> Task objective:
Everything from the line with "Chữ Ghim Trang" to the end of the entries should be set down exactly, except the pictures.

◇ ◇ ◇ ◇ ◇ ◇ ◇

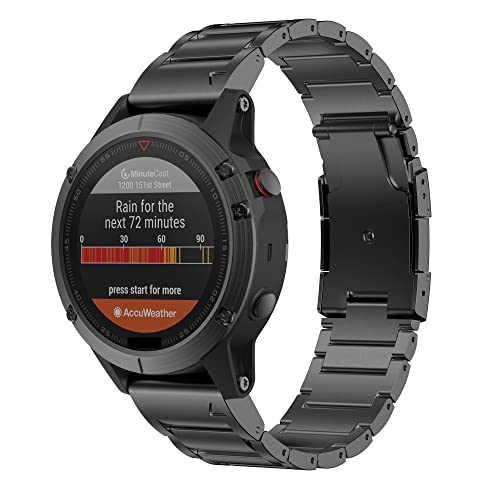 Bracelet de montre en alliage de titane Garmin Fenix 5 et 6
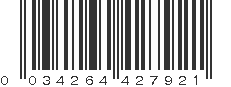 UPC 034264427921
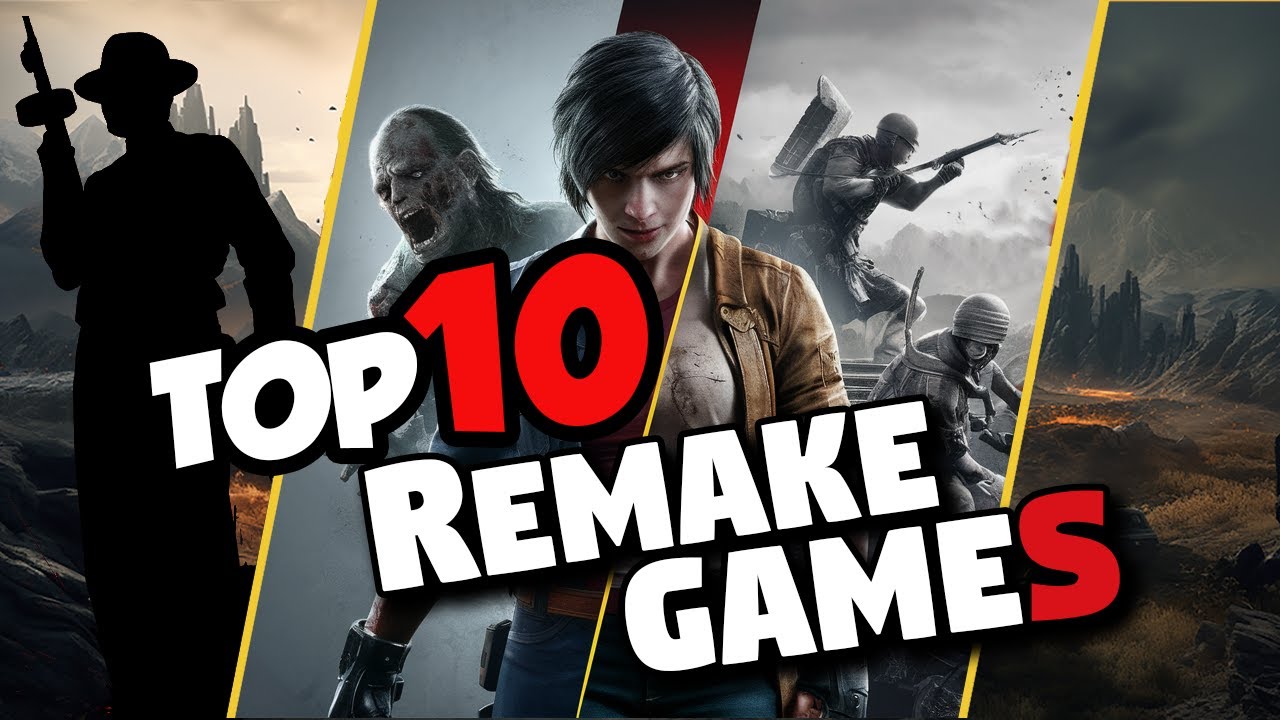 Top10 Remake Games #remake  #remastergaming #gamingmemories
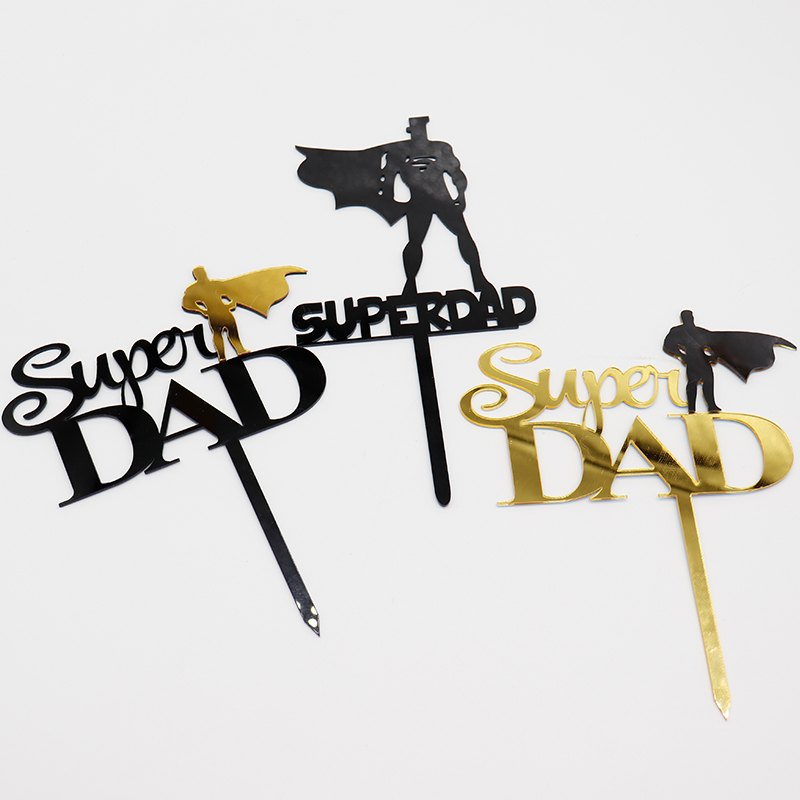 Chữ Ghim Trang Trí Bánh &quot;Best Dad Happy Birthday&quot; Cho Ngày Của Cha
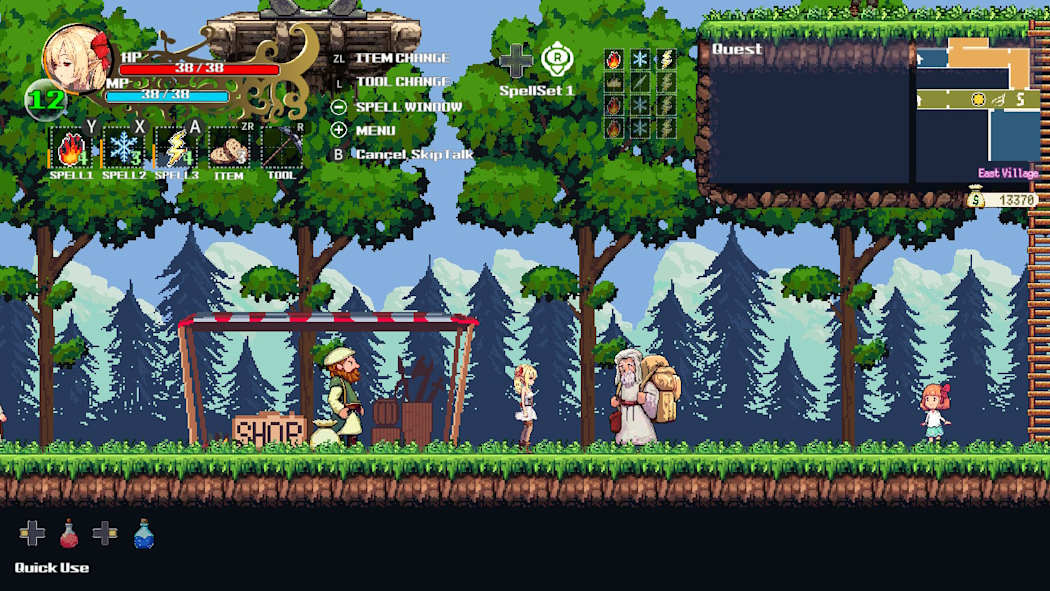 图片[1]-[NS]魔法使莉莉：魔法少女的奇境冒险|Witchroid Vania: A Magical Girl’s Fantastical Adventures中文-猫叔电玩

◇ ◇ ◇ ◇ ◇ ◇ ◇

> Result of the exercise:
 Chữ Ghim Trang Trí Bánh &quot;Best Dad Happy Birthday&quot; Cho Ngày Của Cha
 图片[1]-[NS]魔法使莉莉：魔法少女的奇境冒险|Witchroid Vania: A Magical Girl’s Fantastical Adventures中文-猫叔电玩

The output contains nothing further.